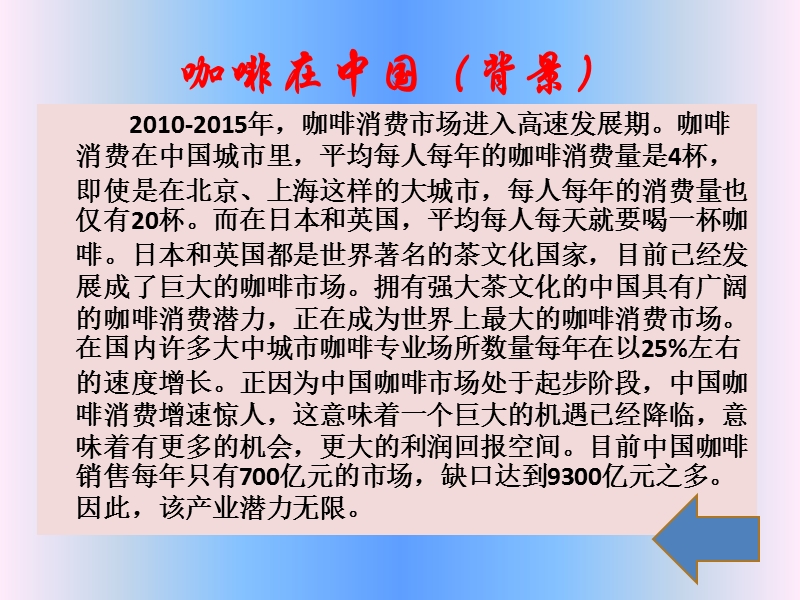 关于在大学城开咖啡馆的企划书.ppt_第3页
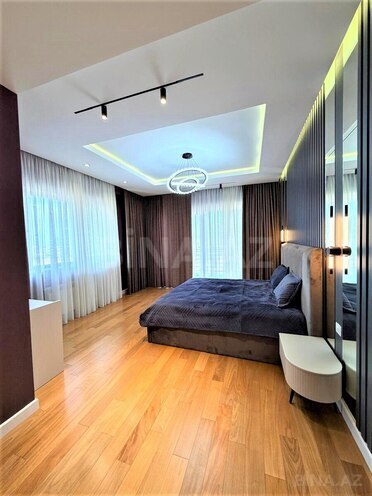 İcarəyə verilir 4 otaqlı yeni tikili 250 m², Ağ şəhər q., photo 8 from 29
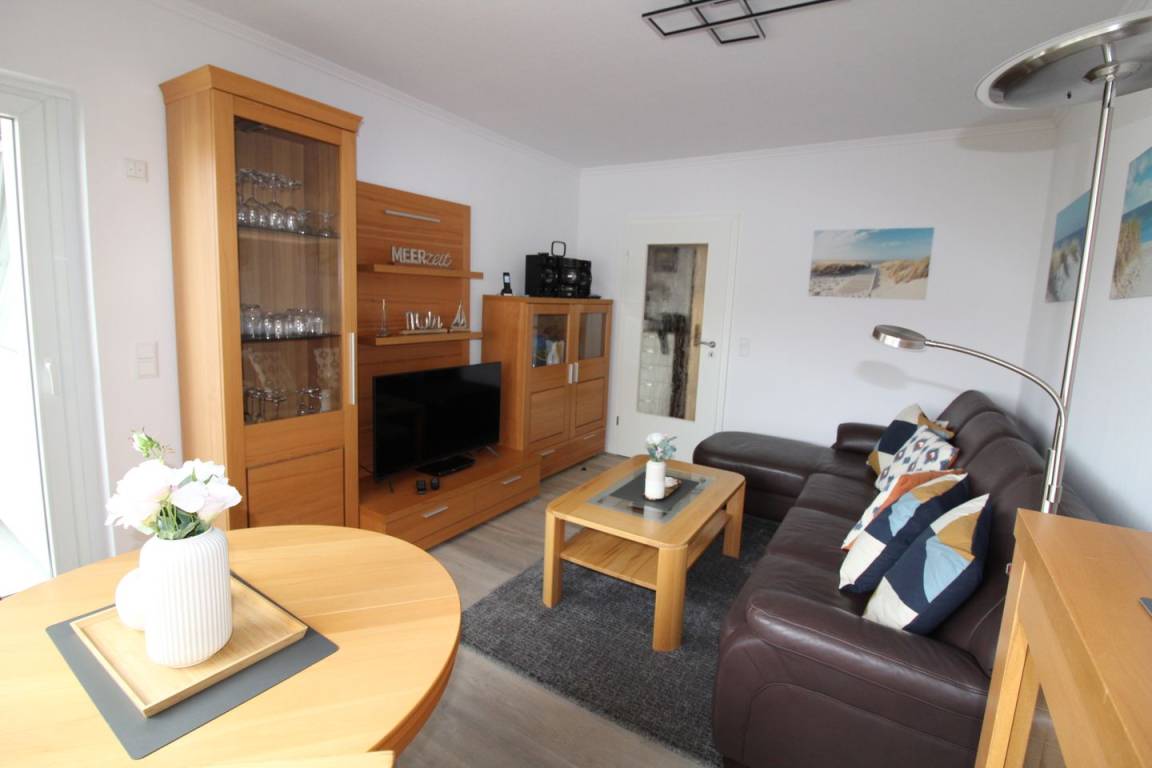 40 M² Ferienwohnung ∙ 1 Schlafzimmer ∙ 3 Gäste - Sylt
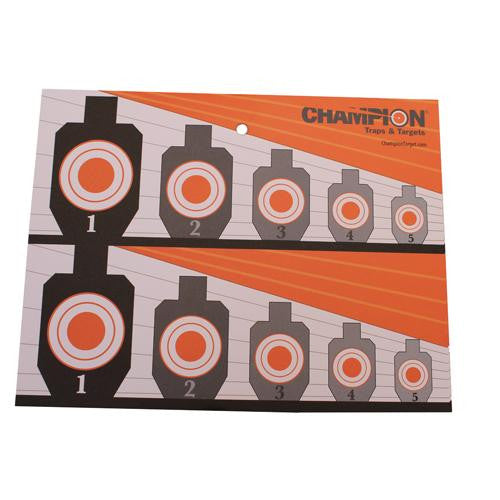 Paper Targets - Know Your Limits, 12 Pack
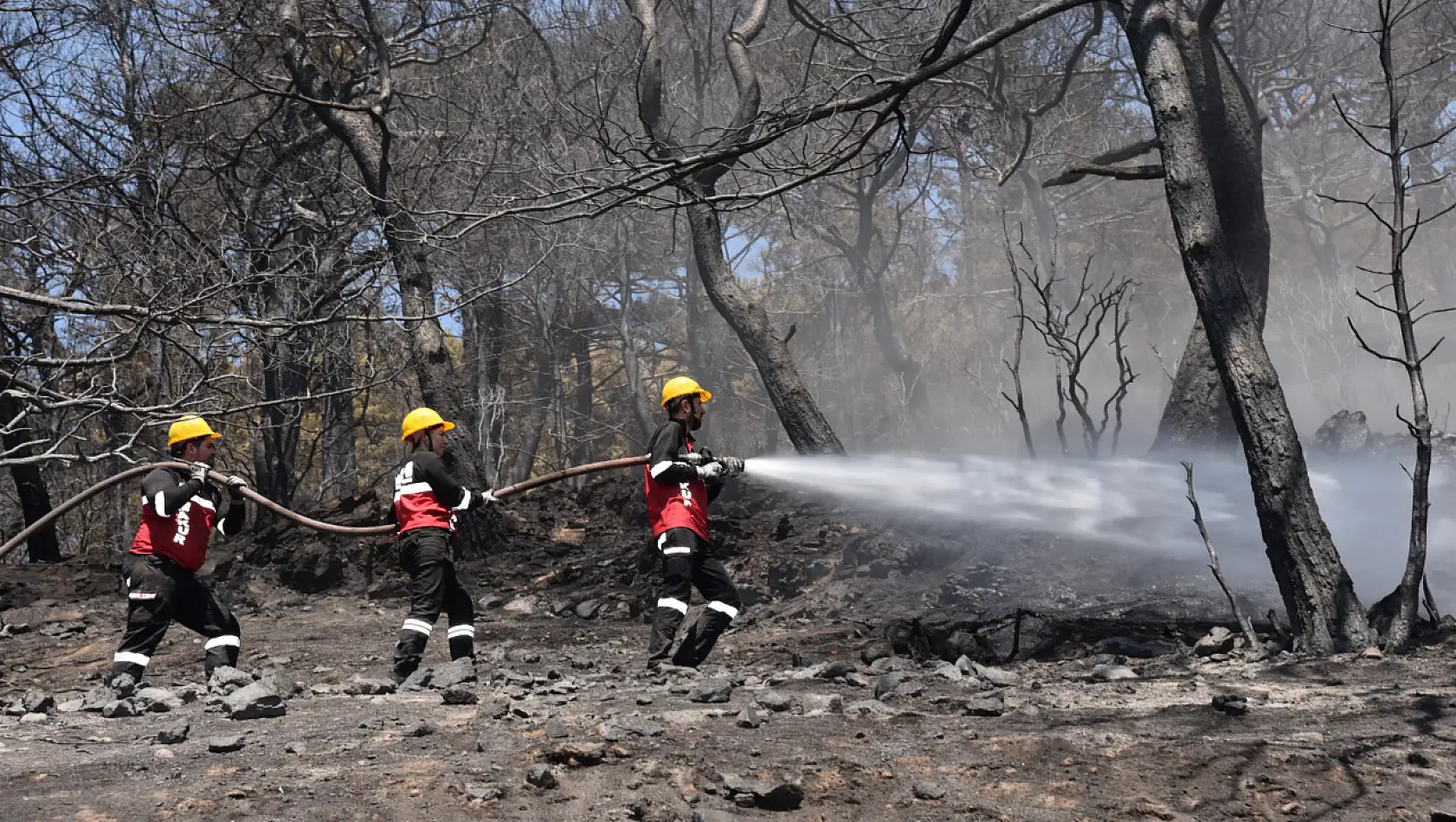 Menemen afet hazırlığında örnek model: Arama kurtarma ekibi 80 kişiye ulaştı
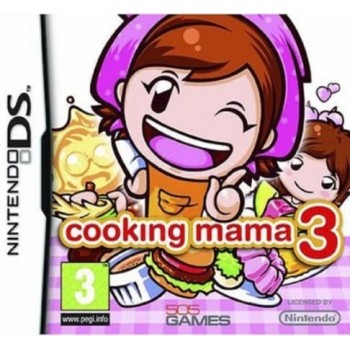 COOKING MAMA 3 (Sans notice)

-.-.-

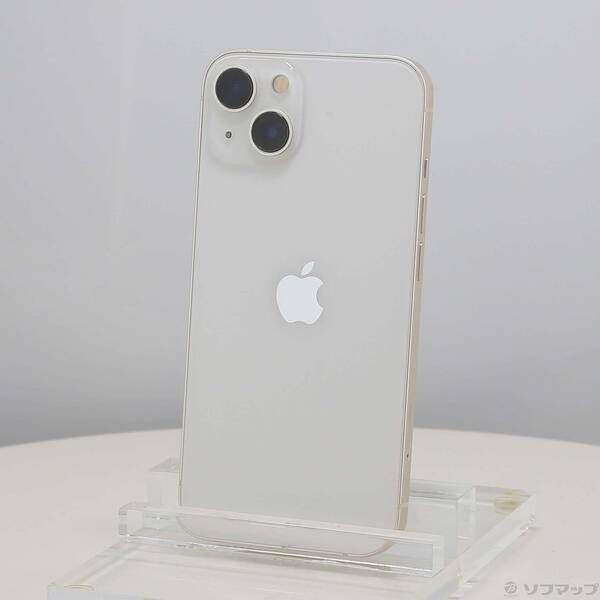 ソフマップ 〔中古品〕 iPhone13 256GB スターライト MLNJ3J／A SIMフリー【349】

-.-.-

### Work to be completed:
All that should be printed is the run of lines above from the one with "Menemen afet hazırlığında" through the one with "COOKING MAMA 3 (Sans notice)", both included, exactly as given, with pictures left out.

### Result for this task:
 Menemen afet hazırlığında örnek model: Arama kurtarma ekibi 80 kişiye ulaştı
 COOKING MAMA 3 (Sans notice)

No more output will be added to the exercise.